In an effort to boost its smartphone market share, Microsoft (NASDAQ: MSFT) plans to introduce Windows Phones that cost $75 to $100 in Africa this year, according to a Microsoft executive.

Fernando de Sousa, Microsoft's general manager for Africa Initiatives, told Bloomberg that the phones are coming this year but declined to give further details about the phones since the products have not been released to the public.

"It will be a global launch," he said. "Africa will lead in the consumption. Africa is growing smartphone use faster than anywhere in the world." Microsoft is expected to provide more details about its mobile strategy at the upcoming Mobile World Congress trade show in Barcelona, Spain, in early March.

Starting last year, Microsoft worked with partners to cut the costs of its Windows Phones to appeal to OEMs, carriers and consumers in emerging markets where Google's (NASDAQ: GOOG) Android platform is dominant.
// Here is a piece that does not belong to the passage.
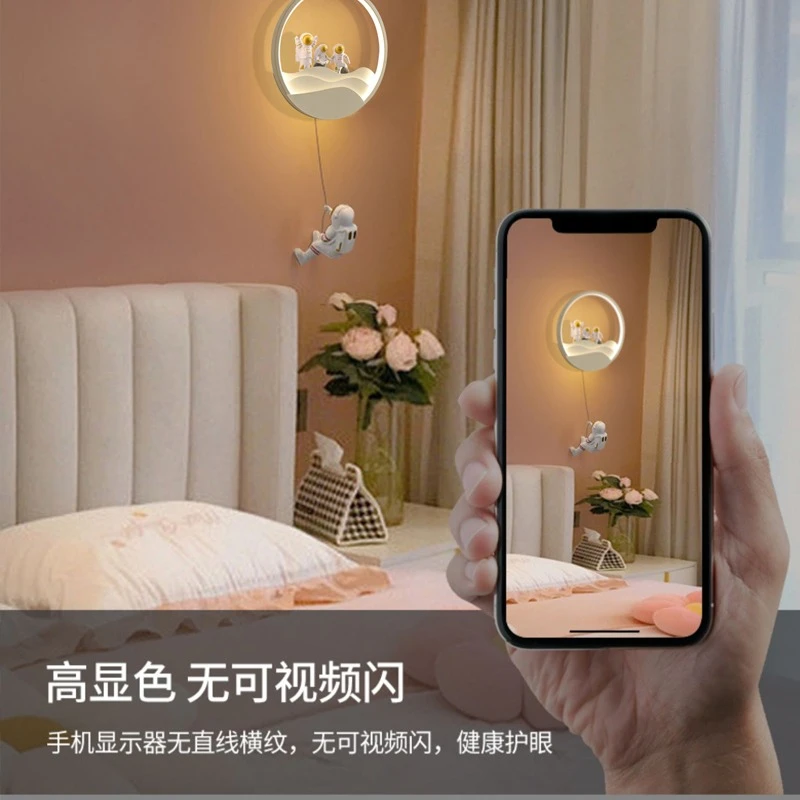 어린이 방 벽 램프, 창의적인 거실 배경 램프, 계단 복도 램프, LED 우주 비행사 달 램프, 침실 침대 옆 램프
Microsoft lowered the bill of materials through chipset reference designs via Qualcomm (NASDAQ:QCOM), and has been enticing OEM partners to create affordable phones by eliminating software licensing fees for the devices.

Handset makers are looking to tap Africa as a growth market as smartphone sales slow in Western markets. Around 20 percent Africans were expected to be online by the end of 2014-- many using mobile phones and tablets--compared with 10 percent in 2010, according to a 2014 report by consultancy Ernst & Young.

Microsoft has launched its 4Afrika Initiative to sell cheap phones in Africa while investing in education and local technology companies. "The key focus is to provide a great customer experience, full access to cloud services with choice and affordability being taken into consideration," de Sousa told Bloomberg.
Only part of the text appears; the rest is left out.